From left: Bishop Curry, Sidharth Srinivasan, Mikaila Ulmer, and Rohit Srinivasan. Photograph by Peter Yang

The Next Generation

Mikaila Ulmer

A few years ago, when Mikaila Ulmer was stung by a bee, her parents explained that bees were an important and endangered part of the ecosystem. A new Austin-based business was born. Using her great-grandmother’s recipe, Mikaila set up a lemonade stand and donated 10 percent of her proceeds to save the bees. In 2015 she scored an investment from Daymond John on Shark Tank, and today Me & the Bees Lemonade is available in thirty states and in some three hundred Whole Foods and Wegmans stores. Now thirteen, when she’s not attending school or running her business, Mikaila works on her new nonprofit, the Healthy Hive Foundation.

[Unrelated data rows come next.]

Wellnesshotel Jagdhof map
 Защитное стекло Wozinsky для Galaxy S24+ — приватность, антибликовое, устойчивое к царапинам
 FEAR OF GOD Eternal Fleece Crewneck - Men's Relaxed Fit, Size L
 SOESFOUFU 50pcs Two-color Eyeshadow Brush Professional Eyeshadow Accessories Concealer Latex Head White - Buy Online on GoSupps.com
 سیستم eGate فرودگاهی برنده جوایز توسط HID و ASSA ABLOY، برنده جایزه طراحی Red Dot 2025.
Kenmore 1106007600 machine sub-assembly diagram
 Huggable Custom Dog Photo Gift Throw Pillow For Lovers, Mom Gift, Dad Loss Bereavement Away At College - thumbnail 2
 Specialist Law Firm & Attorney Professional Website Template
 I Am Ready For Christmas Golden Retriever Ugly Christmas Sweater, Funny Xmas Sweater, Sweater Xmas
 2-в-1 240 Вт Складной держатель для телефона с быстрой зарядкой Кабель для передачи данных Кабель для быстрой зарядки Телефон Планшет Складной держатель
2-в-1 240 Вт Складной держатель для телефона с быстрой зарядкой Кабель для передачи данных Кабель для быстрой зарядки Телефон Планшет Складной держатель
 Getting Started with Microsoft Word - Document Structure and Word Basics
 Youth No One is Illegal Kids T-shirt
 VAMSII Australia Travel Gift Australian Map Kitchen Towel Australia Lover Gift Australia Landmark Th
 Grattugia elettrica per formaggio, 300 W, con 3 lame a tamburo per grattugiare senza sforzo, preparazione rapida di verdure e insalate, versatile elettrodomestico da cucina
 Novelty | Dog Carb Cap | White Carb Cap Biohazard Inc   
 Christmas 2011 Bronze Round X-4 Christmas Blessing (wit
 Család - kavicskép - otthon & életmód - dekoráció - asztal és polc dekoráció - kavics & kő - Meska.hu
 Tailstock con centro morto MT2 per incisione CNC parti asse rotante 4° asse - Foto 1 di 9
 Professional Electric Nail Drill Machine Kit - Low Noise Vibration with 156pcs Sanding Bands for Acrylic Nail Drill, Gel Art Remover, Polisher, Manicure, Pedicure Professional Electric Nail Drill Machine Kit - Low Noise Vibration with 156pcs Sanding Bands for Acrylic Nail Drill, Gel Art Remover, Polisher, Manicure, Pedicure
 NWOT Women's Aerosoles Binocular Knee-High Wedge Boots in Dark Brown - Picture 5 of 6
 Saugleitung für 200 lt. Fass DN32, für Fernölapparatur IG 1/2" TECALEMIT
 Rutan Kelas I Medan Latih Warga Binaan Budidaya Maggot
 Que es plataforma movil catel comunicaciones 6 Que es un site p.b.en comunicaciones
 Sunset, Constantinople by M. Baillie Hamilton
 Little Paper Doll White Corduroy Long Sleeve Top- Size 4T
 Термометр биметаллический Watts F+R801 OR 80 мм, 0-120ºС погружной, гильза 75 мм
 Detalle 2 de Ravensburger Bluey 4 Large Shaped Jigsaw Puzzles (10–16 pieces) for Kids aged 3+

Rohit and Sidharth Srinivasan

When Rohit and Sidharth Srinivasan (seventeen and fifteen years old) first visited an Indian orphanage, in 2013, as ambassadors for a nonprofit called the Miracle Foundation, they realized how few resources the kids had for exploring STEM concepts, like rocketry. Passionate young engineers themselves, the brothers from Austin co-founded Trashbots, which makes a $100 kit that enables kids to build robots using everyday detritus such as Popsicle sticks and water bottles. Made in partnership with Paul Austin, a software engineer from National Instruments, the Trashbots require limited electricity and no Wi-Fi. About six hundred kits have been preordered, and the product hits Indiegogo.com this month.

Bishop Curry

In 2016, tragedy struck in the neighborhood where Bishop Curry was living in McKinney: a six-month-old who’d been left in a parked car died of heatstroke. Motivated by the news, Curry drew a picture of a device that would prevent hot-car deaths and took it to his father, who is an engineer for Toyota. It would attach to a car seat headrest, identify if a child is alone in a hot car, and call the parents’ phones (then the authorities, if they don’t answer)—all while blowing cold air. Over the past year, having more than doubled his GoFundMe goal of $20,000, eleven-year-old Curry has evolved his idea into a prototype for a device called Oasis, which he hopes to patent by this summer.